Like most Aspenites, chances are you have spring fever. The time of year has come to loosen up the clothing and the attitudes. In short, it’s time to say goodbye to a long and difficult winter and, in the poetic words of Deee Lite, “dance and have some fun.”
There is no better way to kick off this spring season of dance and fun than with the most entertaining dance troupe on the planet, Les Ballets Trockadero de Monte Carlo, or The Trocks for short. Founded in 1974 by a group of ballet enthusiasts presenting a playful, entertaining view of traditional, classical ballet in parody and in drag, The Trocks is scheduled to perform at the Aspen District Theater on Sunday at 7:30 p.m. This is the company’s first performance in the area in more than a decade.

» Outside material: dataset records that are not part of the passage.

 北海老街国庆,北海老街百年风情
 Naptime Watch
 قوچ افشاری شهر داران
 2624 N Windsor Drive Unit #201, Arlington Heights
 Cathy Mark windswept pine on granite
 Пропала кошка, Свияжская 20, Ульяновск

Think Shakespeare of the Elizabethan era or the Harlem Globetrotters of the 1980s. Ballet Trocks believes in the joy and folly of the ballet world and brings stage performances intended to strip away the pretense but at the same time honor the genre.

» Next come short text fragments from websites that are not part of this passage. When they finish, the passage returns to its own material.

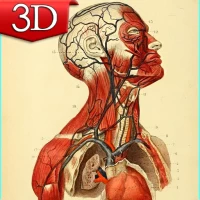 3D Anatomy Atlas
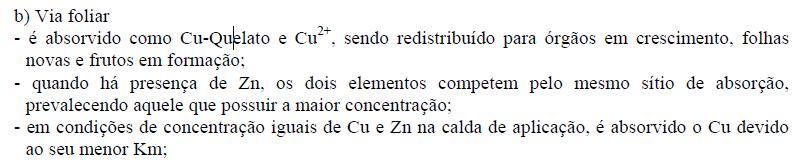 ABSORÇÃO 8 Ana Paula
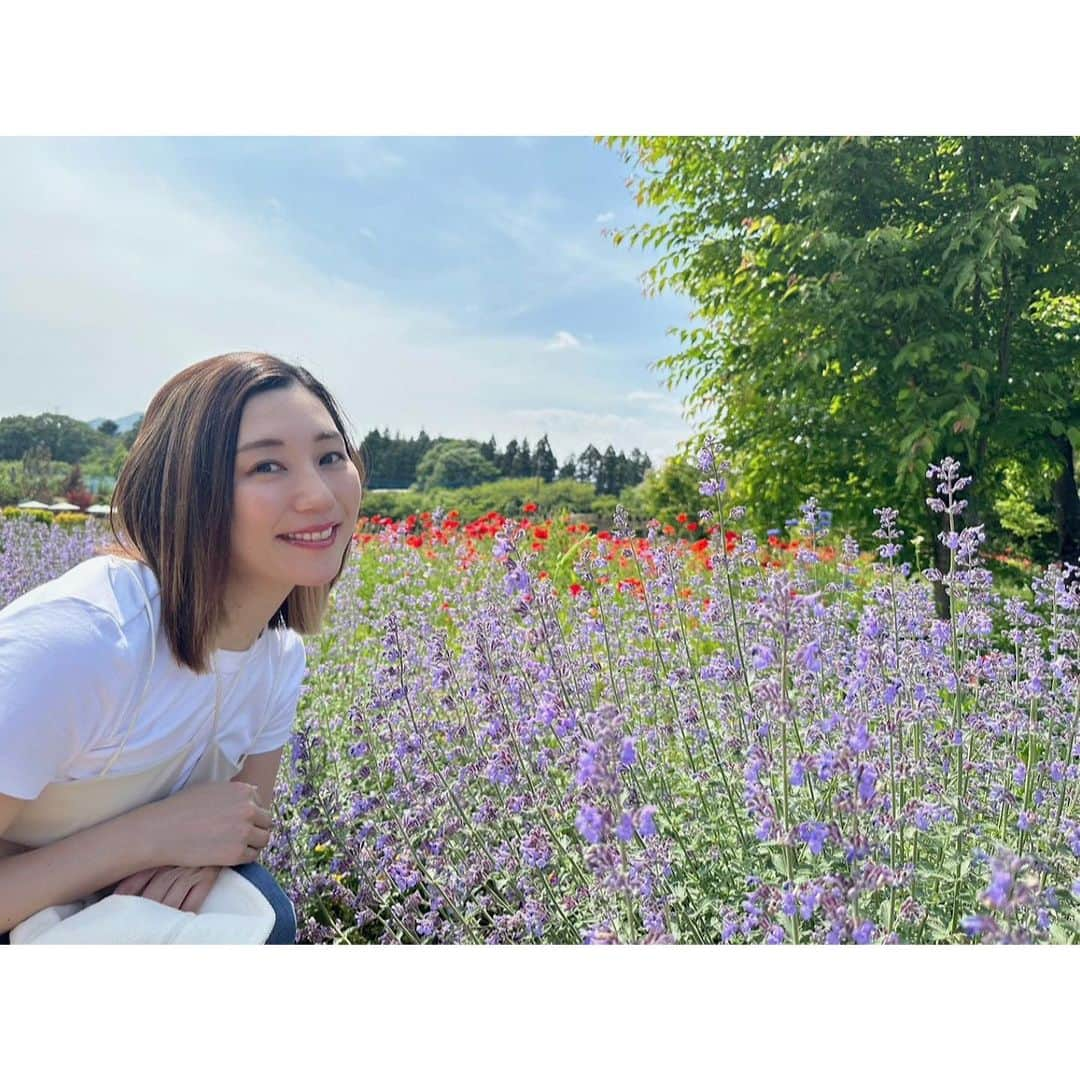 佐々木瞳さんのインスタグラム写真 - (佐々木瞳Instagram)「【お花に囲まれて💐】  5月末に行った群馬県への日帰りバスツアー🚌 沢山の花々が咲く @nakanojo_gardens  にも行きました💐この時期はバラやポピー、ラベンダーなとがとっても綺麗に咲いていて、うっとり˚✧₊⁎❝᷀ົཽ≀ˍ̮ ❝᷀ົཽ⁎⁺˳✧༚  @hokawakanonn  と終始、撮影会になりました🤭🤍  日帰りバスツアーは大学生ぶり？くらいだったけれど、とっても楽しかった✨また行きたいなぁ〜♪」7月3日 10時20分 - hitomihappygirl1026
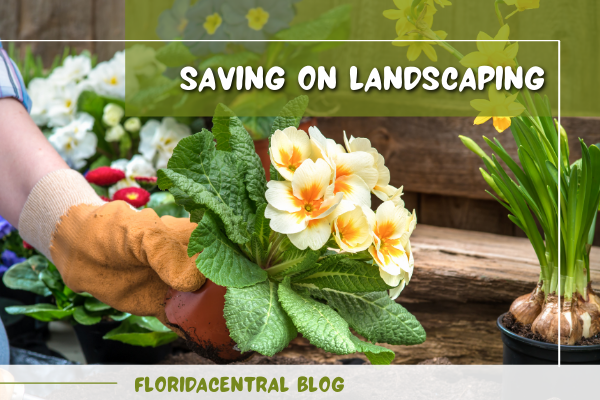 Saving on Landscaping Saving on Landscaping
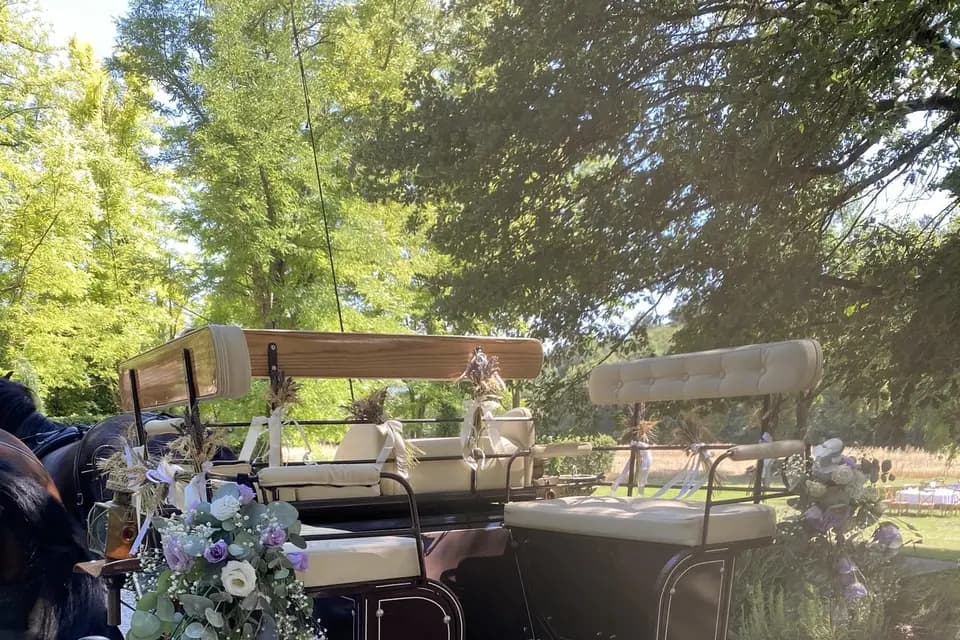 Les Crins de Gaïa — photo 4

“It is comedy with ballets that are familiar to the audience,” said Trocks artistic director Tory Dobrin. “They may come to see ‘Swan Lake,’ but it’s not the ballets that are important. For us, people are coming to our show to see our personalities on stage. Our dancers are keeping each performance fresh.”

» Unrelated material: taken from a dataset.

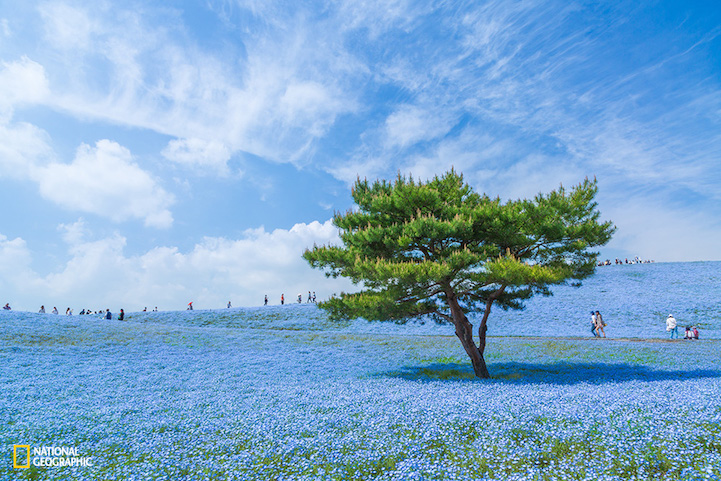 I took this picture at Hitachi Seaside Park in Ibaraki Prefecture, Japan last year. The flowers are baby blue eyes and the whole number of them in the park are 4.5 millions. The best season is usually from the end of April to the first week of May. I am going to the blue universe again this year to photograph. It'll be worth just visiting the world. Camera shutter or your eye's shutter. You would be happy in this world.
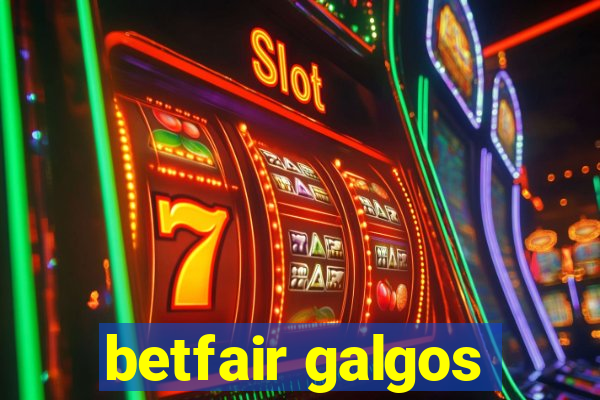 betfair galgos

In Aspen, The Trocks will be performing pieces “Swan Lake,” “Patterns in Space” and “Paquita.” The troupe is made up of accomplished dancers that have a deep interest in keeping audiences of all ages engaged. And, Dobrin says, it takes a special spirit of a dancer to dress in fabulous costumes, thick makeup, Ken-doll wigs and pointe shoes.
“If you are a classical ballet dancer, you already are used to hard work and the obligation it takes to start so early in dance,” Dobrin said. “If you want to dance in comedy, then you have an even more individual and eccentric nature. Then if you do it in pointe shoes, you have to add another element, and then do to it in drag, well, that calls for a special kind of dancer’s personality.”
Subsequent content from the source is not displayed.